## [Work request]
Having located "Buchet Big Spring" in the listing below, write out its line and every following line exactly, last line included, without the pictures.

## [Given entries]

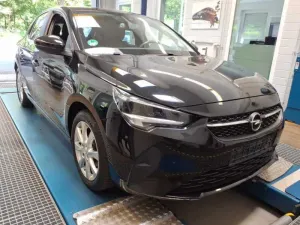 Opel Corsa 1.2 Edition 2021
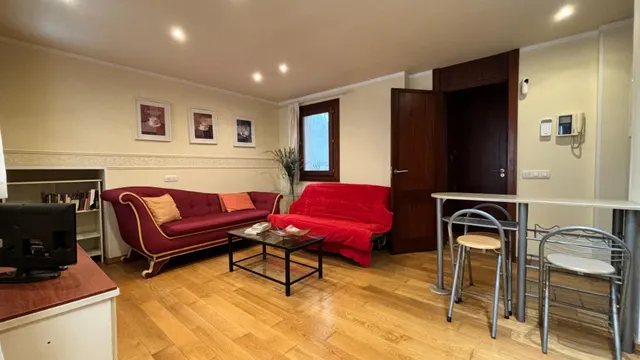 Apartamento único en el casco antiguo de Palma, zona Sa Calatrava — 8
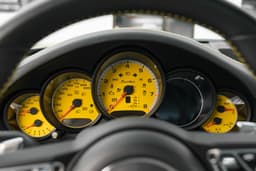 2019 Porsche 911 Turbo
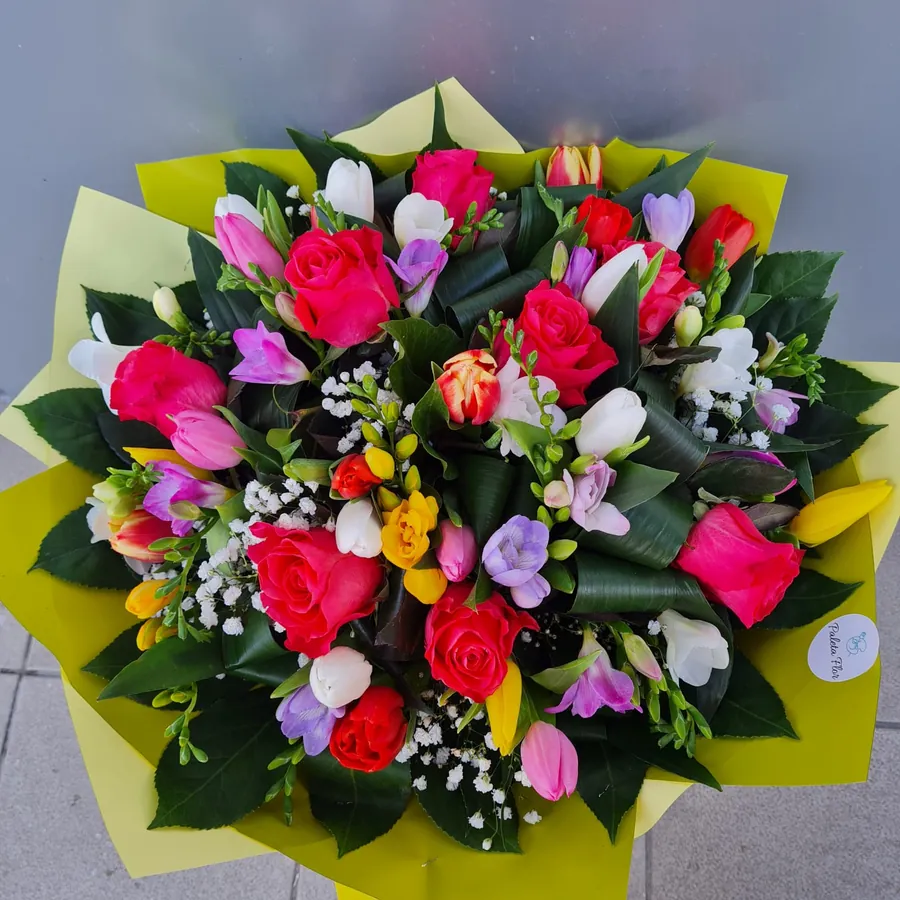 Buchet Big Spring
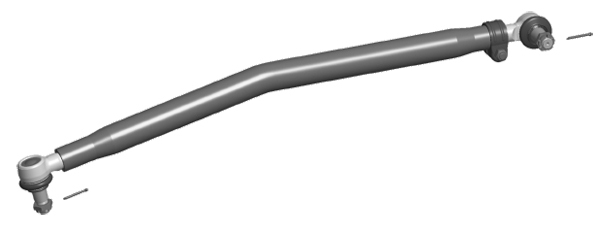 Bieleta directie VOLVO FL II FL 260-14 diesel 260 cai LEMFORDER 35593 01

## [Solution]
 Buchet Big Spring
 Bieleta directie VOLVO FL II FL 260-14 diesel 260 cai LEMFORDER 35593 01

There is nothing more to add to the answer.